The geographic progression - Jerusalem, Judea, Samaria, ends of the earth - moved from familiar to foreign, comfortable to challenging, accepted to rejected. Jerusalem was home, where Jesus's followers had community and context. Judea was their broader region, culturally similar but geographically dispersed. Samaria was hostile territory - Jews and Samaritans despised each other over centuries of ethnic and religious conflict. The ends of the earth meant Gentile lands, where Jewish customs were unknown and Christ's message would seem foreign.
This progression challenges modern missions thinking. We want to start with the exotic - international travel, foreign cultures, dramatic adventure. Jesus says start with Jerusalem - your neighborhood, city, immediate community. Once you're faithfully witnessing where you are, expand to Judea - your region, people who share your culture but live in different places. Then move to Samaria - people you're inclined to avoid, communities you find uncomfortable, groups you've been taught to distrust. Finally, reach the ends of the earth - truly foreign contexts where Christ is unknown.
Most Christians never get past Jerusalem in practice. We know we should witness locally but feel unqualified. We know we should care about global missions but don't engage personally. We know we should cross cultural boundaries but stay in our comfort zones. Jesus's command hasn't changed: be my witnesses everywhere, starting where you are and expanding outward until you've reached people utterly unlike you.
But notice the promise that precedes the command: "You will receive power when the Holy Spirit comes on you." Witness isn't something you do in your own strength, wisdom, or eloquence. It's Spirit-empowered testimony to what Christ has done. You don't need to be persuasive, educated, or impressive. You need to be available, obedient, and honest. The Spirit provides the power. You provide the witness.
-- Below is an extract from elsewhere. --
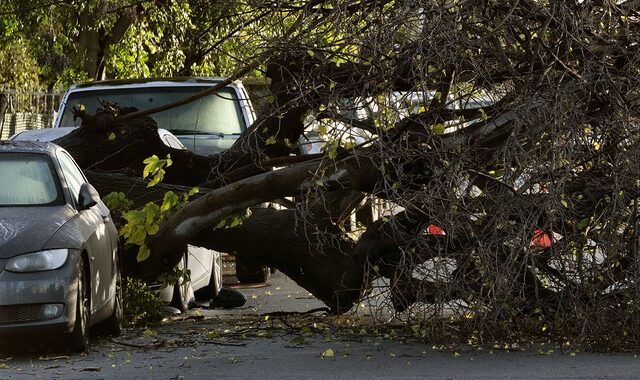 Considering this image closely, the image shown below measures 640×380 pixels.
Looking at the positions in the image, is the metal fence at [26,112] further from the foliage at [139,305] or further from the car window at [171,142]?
the foliage at [139,305]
Twelve days from now (May 14), we'll observe Ascension Thursday, when Jesus returned to the Father. Twenty-one days from now (May 24), we'll celebrate Pentecost, when the Spirit came in power. You're living in the same season the first disciples lived - between resurrection and Pentecost, between promise and fulfillment, between commission and empowerment. Jesus has given you the command. The Spirit will give you the power. Your job is to be ready when power comes.